For an encore, the Orchestra “launched into Shosholoza, a beloved standard that functions as a second national anthem for South Africa. The orchestra players set aside their instruments and belted out the first verse through their voices alone, to the rousing support of the audience. When the chorus came in, bedlam broke out all over again. Dancing! Singing! Bigger dancing, and bigger singing! When it was over we got the biggest roar of them all — and that’s saying something.”

When Chamberlain and the other Minnesota singers thought the concert had ended, some of the male singers in the Gauteng Choristers “started to belt out a song of their own. Soon, all the South African singers caught the tune, and in voices again geared to shake the earth and rattle the heavens, began singing and dancing us off the stage in a completely unscripted kind of exit music, to the continued cheers of the audience. It was remarkable. The orchestra members, in the process of putting their instruments away, stopped with wide-eyed amazement and dived for their cellphones to snap pictures.”
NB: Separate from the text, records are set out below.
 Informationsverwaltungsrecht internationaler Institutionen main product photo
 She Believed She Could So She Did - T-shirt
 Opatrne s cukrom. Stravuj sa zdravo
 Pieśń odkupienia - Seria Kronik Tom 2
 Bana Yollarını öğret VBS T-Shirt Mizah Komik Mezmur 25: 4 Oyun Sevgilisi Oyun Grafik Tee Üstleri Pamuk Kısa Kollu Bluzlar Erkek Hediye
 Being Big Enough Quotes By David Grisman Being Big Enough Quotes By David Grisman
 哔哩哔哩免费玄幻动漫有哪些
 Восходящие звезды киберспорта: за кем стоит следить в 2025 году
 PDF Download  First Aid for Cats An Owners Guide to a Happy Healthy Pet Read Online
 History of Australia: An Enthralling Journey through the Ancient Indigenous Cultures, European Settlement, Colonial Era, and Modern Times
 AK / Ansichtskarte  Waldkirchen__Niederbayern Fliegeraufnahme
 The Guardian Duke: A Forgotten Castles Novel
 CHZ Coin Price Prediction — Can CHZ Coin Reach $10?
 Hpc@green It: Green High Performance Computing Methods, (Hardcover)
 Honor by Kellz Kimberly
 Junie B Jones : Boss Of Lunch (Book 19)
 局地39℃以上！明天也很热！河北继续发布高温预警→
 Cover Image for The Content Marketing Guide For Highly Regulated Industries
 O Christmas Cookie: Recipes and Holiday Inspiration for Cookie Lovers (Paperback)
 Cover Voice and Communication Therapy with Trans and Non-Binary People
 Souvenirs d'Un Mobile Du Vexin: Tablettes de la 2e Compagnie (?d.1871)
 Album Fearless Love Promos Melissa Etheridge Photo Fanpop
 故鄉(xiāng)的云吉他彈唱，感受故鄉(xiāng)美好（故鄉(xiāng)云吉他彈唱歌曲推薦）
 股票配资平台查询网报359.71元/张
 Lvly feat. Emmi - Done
“We in the Chorale had no idea about what the words were, but hey … when we find ourselves in a midst of a musical after-party, we learn fast and join right in. Soon we were singing as well, slowly working our way off stage. But the singing didn’t stop. To our astonishment, our South African peers enveloped us and began marching with us outside the building, and around the church in a musical parade that lasted about 15 minutes. People on the outside rushed forward and joined in the song, reaching in through the fence to give us high fives as we danced across the grounds.”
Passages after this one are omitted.